Accessibility values with 5 mM Ni-EDDA varied from 0.35 to 0.55 for all positions except for position 46, which was 0.23. Values larger than 0.25 are considered to be from residues on the surface of a helix, whereas those smaller than 0.25 are from those buried by tertiary contacts (53).

Discussion

Conformation of the N-Terminus of Human αII-Spectrin

The sequence for the scanned region (residues 9 – 47) in αII-spectrin is 85 % similar and 69 % identical to that in αI-spectrin (residues 18 – 56, using italic font for αI-spectrin residue numbers to reduce potential confusion) (Fig 1).
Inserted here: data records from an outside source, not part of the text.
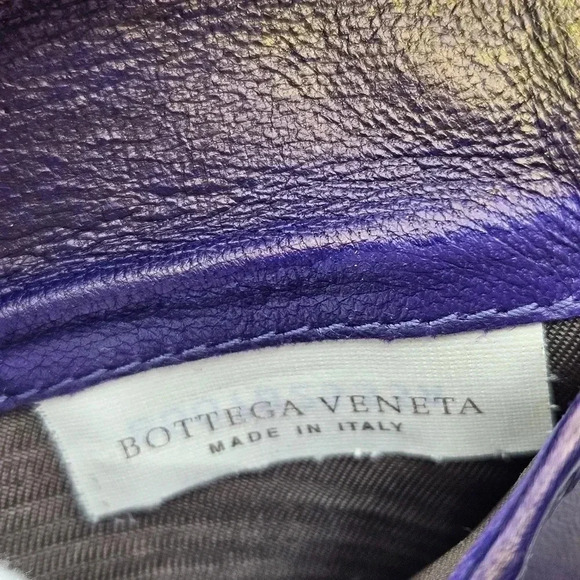 Bottega Veneta Intrecciato Purple and Gold Zip Wallet - Picture 6 of 7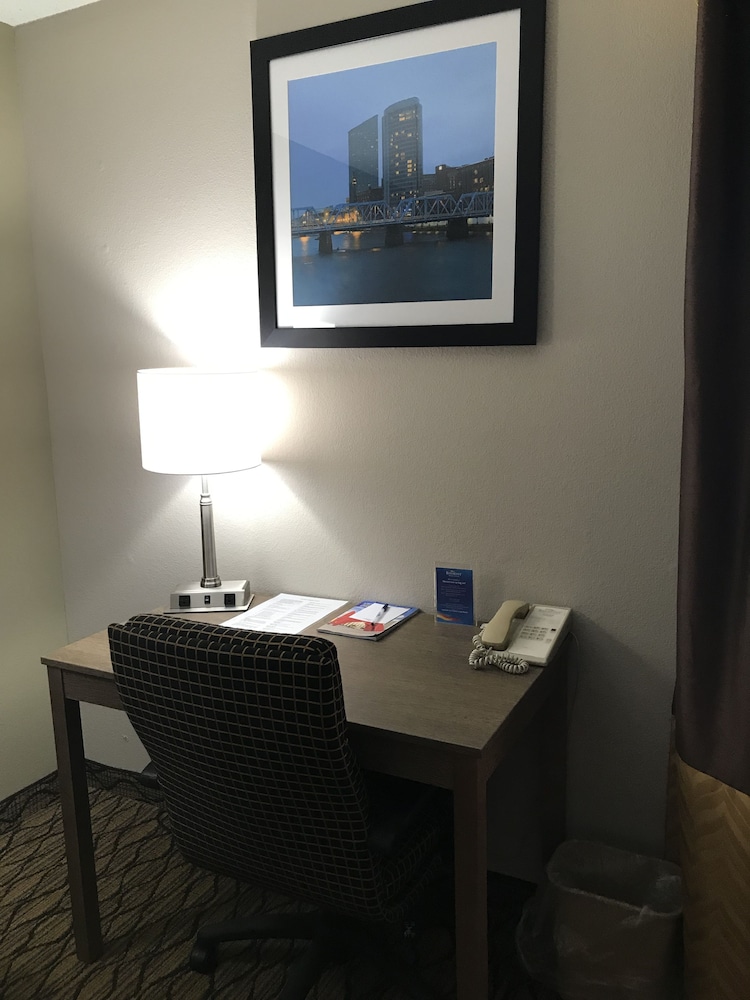 Baymont By Wyndham Grand Rapids Southeast 33/38
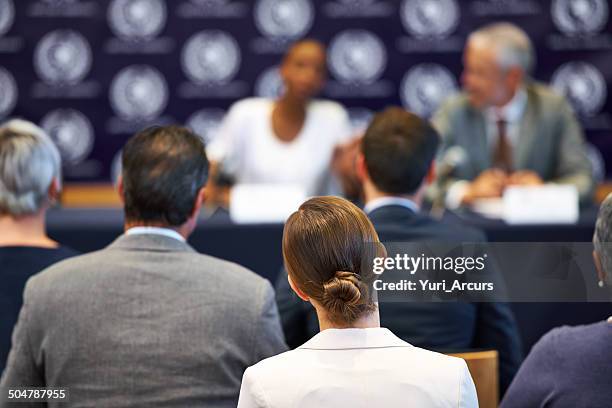 giving their statement to the public - media press conference stock pictures, royalty-free photos & images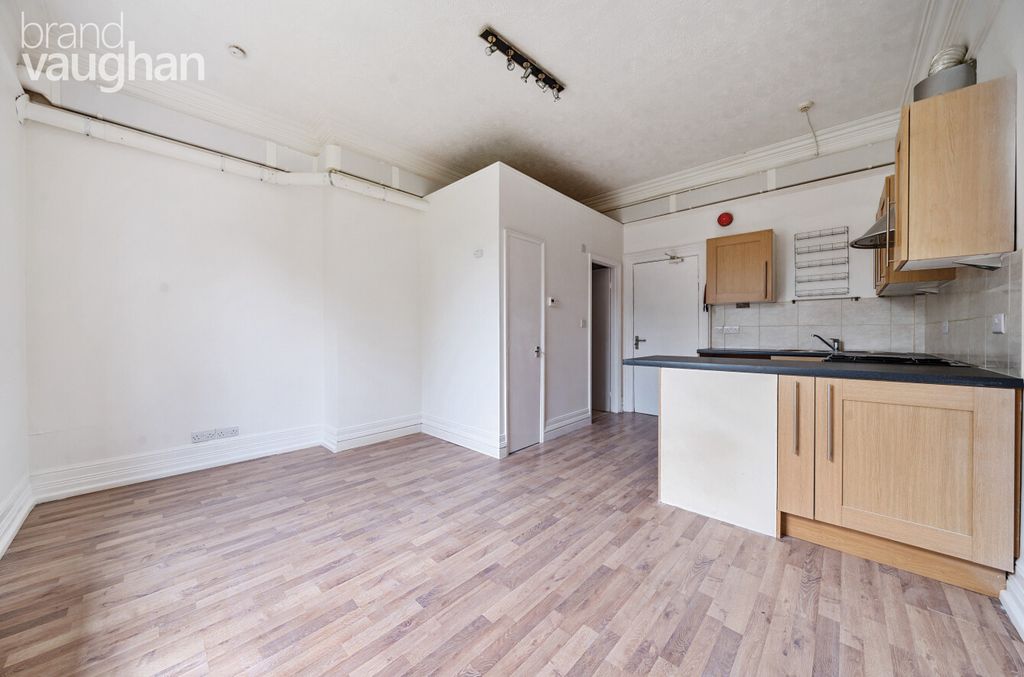 Property photo 2 of 8 Studio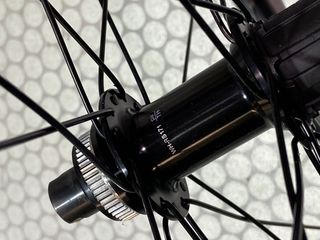 Ruedas SHIMANO RS171 disco center lock NUEVAS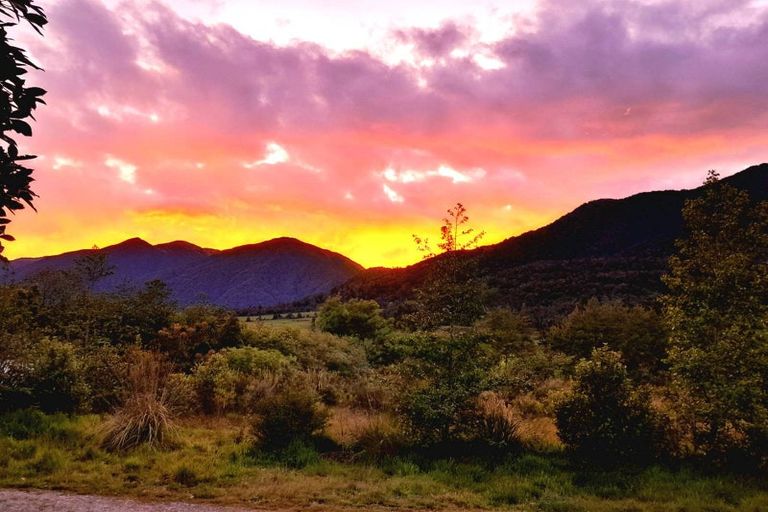 Photo of property in 1350 Lake Brunner Road, Inchbonnie, Kumara, 7875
The alignment also shows that residues corresponding to residues 2 – 10 in αI-spectrin are missing in αII-spectrin (38). Based on sequence alignment with αI-spectrin and the NMR structure of the first 156 residues of αI-spectrin (17), the putative structure of residues 1 – 47 in αII consists of an unstructured region (residues 1 – 11), Helix C′ (residues 12 – 36), the unstructured junction region (residues 37 – 43), and a part of Helix A1 of the first structural domain (residues 44 – 47). However, our current studies show that the conformation of αII, at least of the scanned region, differs from this predicted conformation, in spite of high sequence homology with αI-spectrin.
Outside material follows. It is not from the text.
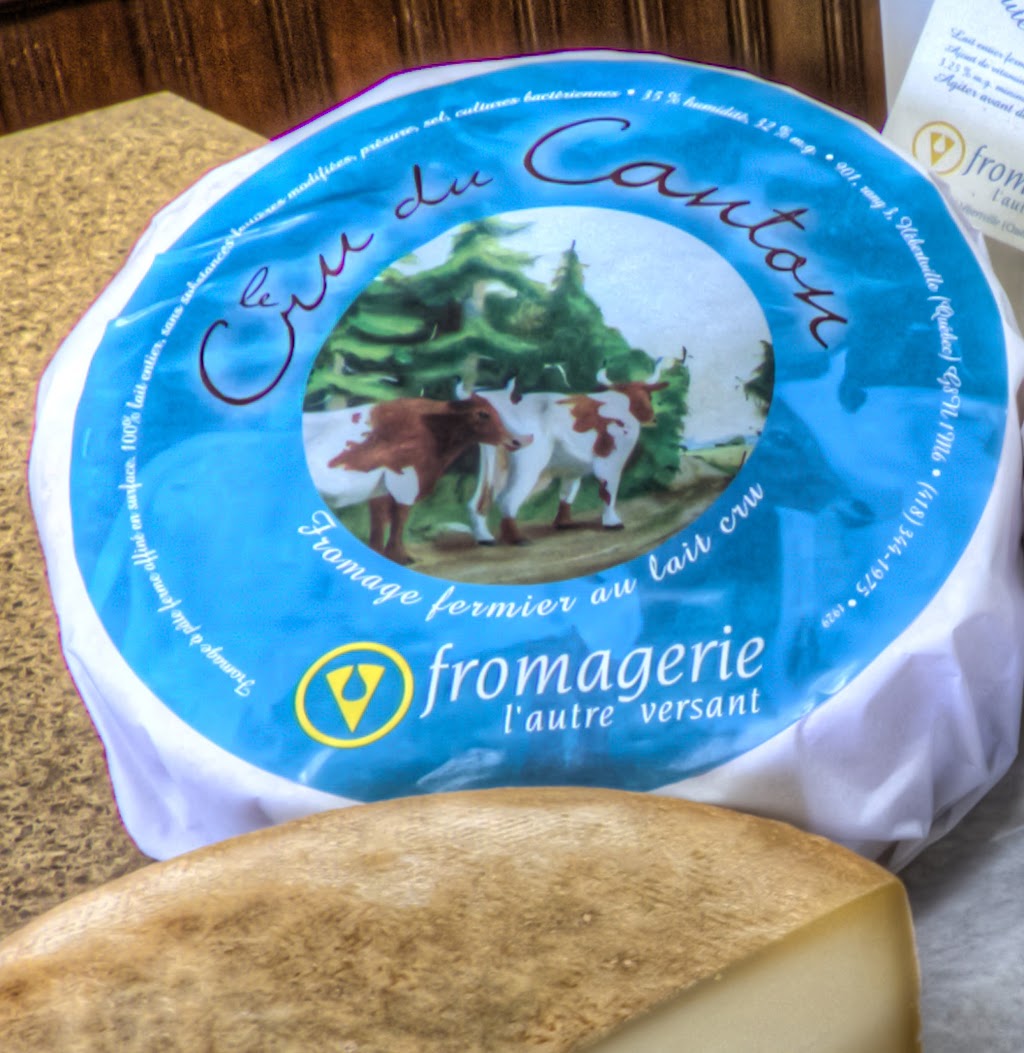 Fromagerie LAutre Versant | 901 3e Rang, Hébertville, QC G8N 1M6, Canada | Phone: (418) 344-1975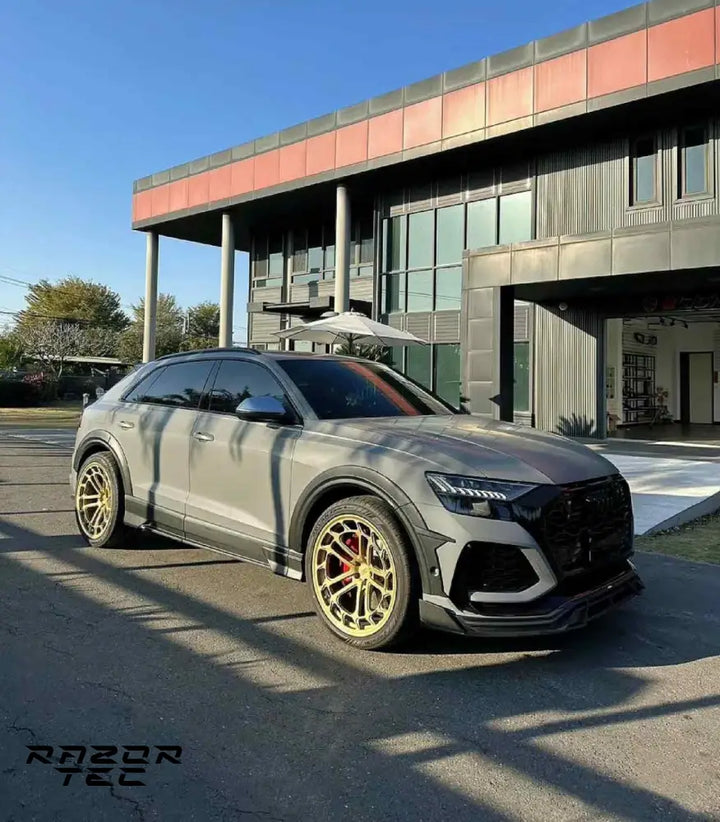 AUDI RSQ8 CARBON FIBER KIT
The oscillating periodicity of 3.5 for τcII (of Component II) as a function of residue position suggested a helical conformation, which we discuss below. First, we discuss the motional components that we observed for residues 9 – 47. Component I was the fast, unconstrained motional component (about 1.4 ns) and thus was associated with unstructured conformation. Component II was from the labeled side chain being immobilized due to restricted χ45 rotation and reflecting backbone motions, or backbone conformations. Component III was strongly immobilized (τc = 53 ns, or at least larger than 20 ns) with little χ45 rotation and reflecting an overall protein motion. The amount of Component III was fairly constant for most of the residues. For each residue, Components I and II coexisted, but the amounts of each component varied as a function of the residue position. It is interesting to note that other EPR studies have identified multiple motional components for a single labeled site. For example, residue 11 in a helix of spin labeled phospholamban exhibits 25 % of a fast motional component (0.63 ns) and 75 % of a slow motional component (4.2 ns) and were attributed to two conformations of helix in equilibrium (54). However, we are not aware of other publications with varying amounts of a particular motional component (such as our Component I) as a function of residue position.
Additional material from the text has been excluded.